Closed a-ludi closed 6 years ago
See issue #45.
The .dam
files still contains scaffolding information. DBshow -n db.dam
will reveal it in the FASTA headers. The following example shows two scaffolds: one with nine contigs and the other with one contig. The the number of n
s in the original sequence can be derived from the given coordinates.
>reference_mod/1/0_837550 RQ=0.850 :: Contig 0[0,8300]
>reference_mod/1/0_837550 RQ=0.850 :: Contig 1[12400,20750]
>reference_mod/1/0_837550 RQ=0.850 :: Contig 2[29200,154900]
>reference_mod/1/0_837550 RQ=0.850 :: Contig 3[159900,169900]
>reference_mod/1/0_837550 RQ=0.850 :: Contig 4[174900,200650]
>reference_mod/1/0_837550 RQ=0.850 :: Contig 5[203650,216400]
>reference_mod/1/0_837550 RQ=0.850 :: Contig 6[218900,235150]
>reference_mod/1/0_837550 RQ=0.850 :: Contig 7[238750,260150]
>reference_mod/1/0_837550 RQ=0.850 :: Contig 8[263650,837500]
>reference_mod/2/0_837550 RQ=0.850 :: Contig 0[0,1450]
The input to this algorithm should be a a set of scaffolds.

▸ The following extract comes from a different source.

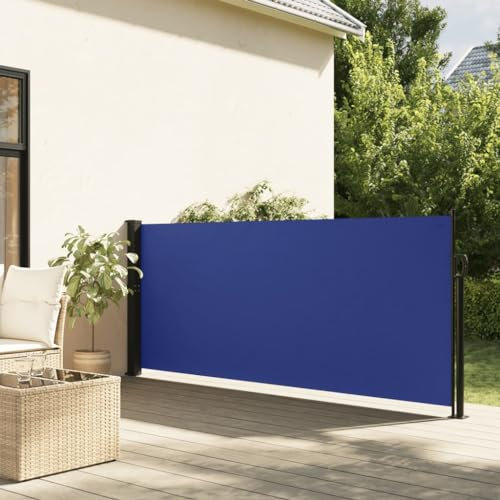 Homgoday Auvent Latéral Rétractable Bleu 120x600 cm, Protection de l'intimité et Vent, Paravent Store Clôture de Jardin, Extensible Brise Vue pour Extérieur Balcon Terrasse A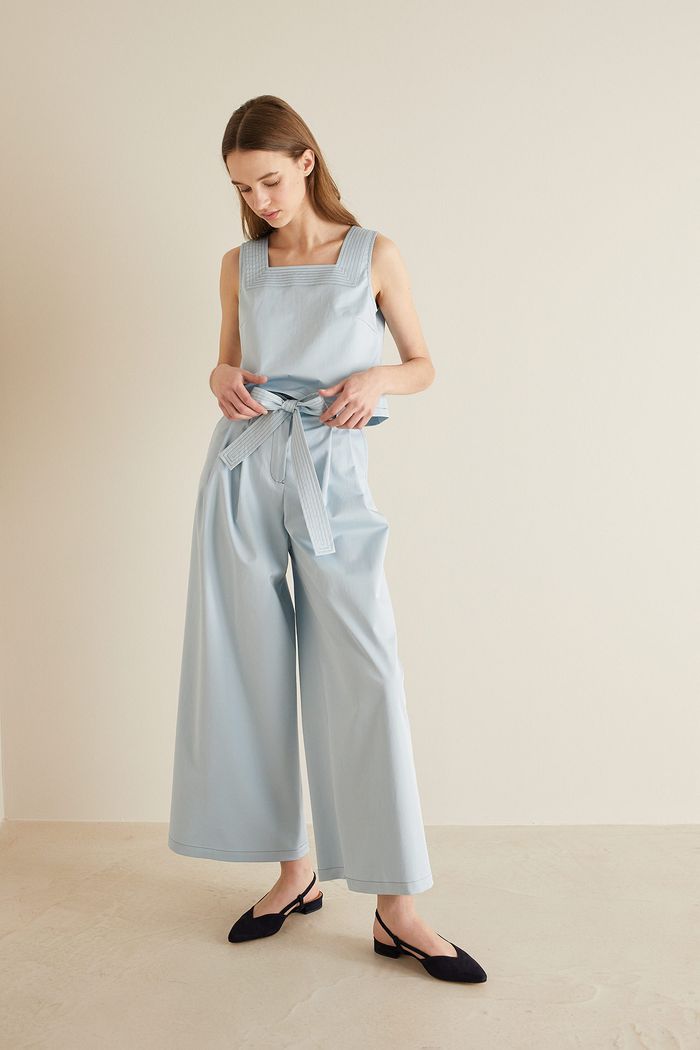 Wide-leg trousers with matching belt - Women's Clothing Online Made in Italy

But the dazzler tools will automatically split the input sequence if it entcounters N's. Thus, scaffolds will be broken into contigs.
Expected Behaviour
This algorithm should preserve the scaffold structure of the input data, ie. if contig X is known to be just before contig then they should be joined in that order or left as is.
Bonus
If this algorithm has strong evidence for an erroneous scaffold the information should be emitted such that it can be used for further processing.